"Investor sentiment in Hong Kong is good, but investors are increasingly cautious," said Johnny Yu (pictured), managing director at UBS in Hong Kong. "This is the second-highest level reached by Hang Seng Index since 2007. It is probably wise for investors to take a step back." Ten years ago, investors looked at the discount offered by A-shares relative to H-shares (those traded in Hong Kong), according to Yu. "Nowadays, rather than focusing on the discrepancy in price, they are more likely to look at the inflows from China into Hong Kong and the stocks that have been purchased," he said.

"Around two years ago, the request from investors for new products prompted fund houses in Hong Kong to introduce leverage and inverse products linked to different indices," said Yu. "However, these products have not taken off and demand remains sluggish." Instead, the new offerings there are in Hong Kong are similar to the daily-leverage certificates (DLCs) recently introduced in Singapore, according to Yu.

"The structures in Hong Kong are slightly different: while the inverse and leverage products have a fund format, these certificates are, in effect, structured products," he said. The products offered in Singapore are different to those in Hong Kong, according to Yu. "Most notably, and unlike the inverse and leverage products, DLCs in Hong Kong have an airbag feature, which is triggered by a significant drop in price," he said.

"Since their launch, these certificates have posted decent turnover, although the amount of assets under management remains relatively small," said Yu. "At October 10, it stood at around S$1m for all 10 products." Yu attributes the modest take-up to a lack of investor familiarity. "But it is also true to say that, in Hong Kong, there is significantly more demand for warrants and CBBCs than there is for inverse and leverage products," he said.

Yu does not expect the imminent arrival of a wave of new money from Chinese investors into warrants, CBBCs and other yield-enhancing products in Hong Kong, which has been predicted by some from the local warrants community. "However, while no structures have been formally presented to the Hong Kong Stock Exchange, there is an ongoing discussion about the introduction of yield-enhancing products," he said.

Even though 2016 was a difficult year for Hong Kong investors, the Hang Seng Index has surged more than 6,000 points to 28,490 this year, according to Yu.
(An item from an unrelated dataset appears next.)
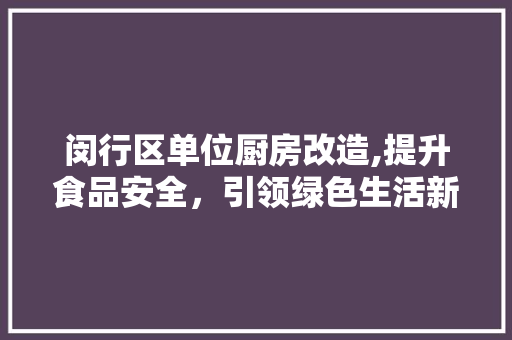 闵行区单位厨房改造,提升食品安全，引领绿色生活新风尚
Almost half of the gain came from just three stocks - Tencent (+26%), HSBC (+11%) and AIA (+10%). "If you were lucky enough to invest in these three stocks, you would have captured most of the gains in Hong Kong this year," said Yu.

The market dynamics today are different from two years ago, when gains came from the simultaneous rise in the value of blue-chip and penny stocks, while this year the gains were predicated on just a few names within the Hang Seng Index, according to Yu. "Recently, the dynamics have shifted, with China financials showing gains," he said.

Relative to 2016, investors this year have shown a willingness to hold on to warrant positions, with the notional outstanding last month double that of the same period last year, according to Yu.

According to SRP data, for the period between January 1, 2017 and September 30, 2017, the net sales of warrants and CBBCs totaled HK$37.3bn (US$4.8bn), HK$3.9bn for warrants and HK$33.4bn for CBBCs. Interest towards CBBCs was the highest in the first quarter of the year as well as in July, when net sales were close to or slightly above HK$5bn. Contrary to this, sales of warrants picked in May, July and August when they reached HK$731m, HK$840m and HK$703m, respectively.